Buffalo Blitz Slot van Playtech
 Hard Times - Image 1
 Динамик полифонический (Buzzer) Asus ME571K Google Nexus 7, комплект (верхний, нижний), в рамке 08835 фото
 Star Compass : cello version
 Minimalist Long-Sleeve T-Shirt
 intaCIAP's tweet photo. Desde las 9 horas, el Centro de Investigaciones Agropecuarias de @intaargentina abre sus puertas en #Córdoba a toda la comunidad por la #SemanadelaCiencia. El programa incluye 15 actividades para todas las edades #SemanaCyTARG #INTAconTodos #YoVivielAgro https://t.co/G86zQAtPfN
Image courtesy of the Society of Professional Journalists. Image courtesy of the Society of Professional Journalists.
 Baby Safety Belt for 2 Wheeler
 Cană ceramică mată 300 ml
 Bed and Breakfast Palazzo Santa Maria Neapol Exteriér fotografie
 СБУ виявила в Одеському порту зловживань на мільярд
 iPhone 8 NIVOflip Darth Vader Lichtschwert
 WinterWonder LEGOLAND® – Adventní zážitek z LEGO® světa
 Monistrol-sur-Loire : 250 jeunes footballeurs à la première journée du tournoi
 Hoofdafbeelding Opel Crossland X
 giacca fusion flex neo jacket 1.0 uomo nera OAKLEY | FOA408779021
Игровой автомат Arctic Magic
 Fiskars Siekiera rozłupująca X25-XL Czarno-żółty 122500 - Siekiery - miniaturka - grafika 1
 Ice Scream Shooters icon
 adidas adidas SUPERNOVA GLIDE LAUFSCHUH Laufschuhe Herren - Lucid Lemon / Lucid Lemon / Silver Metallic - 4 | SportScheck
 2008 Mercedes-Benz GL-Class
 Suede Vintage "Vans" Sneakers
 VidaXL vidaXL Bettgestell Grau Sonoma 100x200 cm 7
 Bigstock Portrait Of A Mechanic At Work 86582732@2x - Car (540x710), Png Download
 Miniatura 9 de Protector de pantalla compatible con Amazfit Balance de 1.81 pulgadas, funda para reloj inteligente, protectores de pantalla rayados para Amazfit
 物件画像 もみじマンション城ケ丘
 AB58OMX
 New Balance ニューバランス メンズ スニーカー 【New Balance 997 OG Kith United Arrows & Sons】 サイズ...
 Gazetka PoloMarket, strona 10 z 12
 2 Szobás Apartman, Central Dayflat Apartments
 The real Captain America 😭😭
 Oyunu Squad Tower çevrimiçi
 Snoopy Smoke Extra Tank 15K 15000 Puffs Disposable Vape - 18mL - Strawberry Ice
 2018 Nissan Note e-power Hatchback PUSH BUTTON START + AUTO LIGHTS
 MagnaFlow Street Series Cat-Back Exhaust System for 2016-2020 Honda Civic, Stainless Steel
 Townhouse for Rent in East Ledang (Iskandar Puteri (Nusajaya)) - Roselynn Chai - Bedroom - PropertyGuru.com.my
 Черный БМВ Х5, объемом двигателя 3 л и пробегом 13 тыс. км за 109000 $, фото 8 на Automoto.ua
--
### Task to complete
An exact repetition of the material above is required, from its first line through the line holding "intaCIAP's tweet photo.", with nothing added.

### Response for this exercise
Buffalo Blitz Slot van Playtech
 Hard Times - Image 1
 Динамик полифонический (Buzzer) Asus ME571K Google Nexus 7, комплект (верхний, нижний), в рамке 08835 фото
 Star Compass : cello version
 Minimalist Long-Sleeve T-Shirt
 intaCIAP's tweet photo. Desde las 9 horas, el Centro de Investigaciones Agropecuarias de @intaargentina abre sus puertas en #Córdoba a toda la comunidad por la #SemanadelaCiencia. El programa incluye 15 actividades para todas las edades #SemanaCyTARG #INTAconTodos #YoVivielAgro https://t.co/G86zQAtPfN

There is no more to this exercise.